This evening, Teatro Astra in Vicenza (where I happen to be at the moment) presented a dance performance by Naturalis Labor, a local dance troupe. Called "Chicken," the piece featured two dancers, Silvia Bertoncelli and Marta Bevilacqua.
The dance began with the women showcasing the possibilities for modern dance based on chicken behavior. Although entertaining, I wasn't totally convinced: why, I kept thinking, would anyone want to confine themselves to chicken-hood? A chicken, after all, is not a lion or a wolf or an antelope; an aspirational animal it isn't.
After documenting clucking, pecking and fluttering, the dancers depicted other limitations: flightlessness, cantankerousness, violent temperament, bloody claws. And egg laying. As one of the dancers ecstatically laid eggs around the stage, the other woman emerged from the wings clothed as a peasant woman. First, she gathered the eggs. Then, she began cracking and beating them manically, faster and faster, until the other dancer (who'd fled before the egg holocaust) reentered the stage, also dressed as a peasant woman, and carrying two trays of eggs. A "peasant egg dance" ensued.
Truthfully, I still didn't get where the dance was going. Peasant women, I thought. How kitch.

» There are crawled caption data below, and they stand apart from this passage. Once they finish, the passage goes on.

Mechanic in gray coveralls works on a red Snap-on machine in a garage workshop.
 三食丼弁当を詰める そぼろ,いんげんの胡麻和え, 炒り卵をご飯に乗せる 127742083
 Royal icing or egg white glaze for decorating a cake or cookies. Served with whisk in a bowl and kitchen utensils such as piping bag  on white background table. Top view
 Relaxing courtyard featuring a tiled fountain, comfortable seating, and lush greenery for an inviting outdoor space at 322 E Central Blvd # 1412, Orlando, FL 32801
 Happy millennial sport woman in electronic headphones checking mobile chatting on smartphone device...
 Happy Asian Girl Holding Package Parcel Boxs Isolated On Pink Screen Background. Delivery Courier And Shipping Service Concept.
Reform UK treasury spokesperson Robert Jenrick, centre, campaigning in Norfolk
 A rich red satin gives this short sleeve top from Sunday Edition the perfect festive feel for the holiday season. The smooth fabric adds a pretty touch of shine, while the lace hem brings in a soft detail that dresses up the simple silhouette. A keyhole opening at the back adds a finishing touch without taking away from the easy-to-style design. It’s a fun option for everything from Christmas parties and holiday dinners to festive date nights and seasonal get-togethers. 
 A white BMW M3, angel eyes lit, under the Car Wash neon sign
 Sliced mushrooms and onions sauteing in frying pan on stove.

But "Chicken" had bigger eggs to fry, and when the dancers yanked away a feather-covered cloth, their political agenda became impossible to ignore: across the back of the stage stretched several metal cabinets featuring props from the industrial processing of chickens. Gone were the soft feathers and gentle clucking or indignant squawking of the farm-raised chickens; in their place, rubber, skinny, squeaky and dead, were caged chicken carcasses.
Possibly, the dance was about vegetarianism. More likely, it had a "slow food" subtext. But most definitely, the dance was not primarily about chickens: it was about women.
The situation of women in today's society bears uncomfortable comparison to industrially processed chickens, parallels that "Chicken" took pains to elucidate. Clothed, first, in padded leotards and, second, in dresses that appeared to be made from sacks for transporting agricultural products, the dancers in the final part of "Chicken" illustrated that brutal, provincial and pre-modern can look pretty good, if the other option is the organized violence of industrialized modernity.
Women, like chickens, are mass produced: packaged, stripped to their skin until the maximum level of conformity is attained. The women's/chickens' connection to nature: broken. The striving for flight: forgotten. The ecstasies of egg laying: eradicated. As the chicken goes, so goes our females.
Personally, I'm sanguine. The darkness and shock of "Chicken" are both alien to my outlook. And men, as well as women, suffer from the severing of relations between humans and nature, and from the industrialization of the process of putting meat-on-the-plate.
But despite the atavism and inflexibility of its politics, and regardless of the pedantic quality of some of its choreography, "Chicken" made its argument more compellingly, and entertainingly,
than I've seen in a long time. The performance deserves a bigger
audience than its getting at Teatro Astra in Vicenza.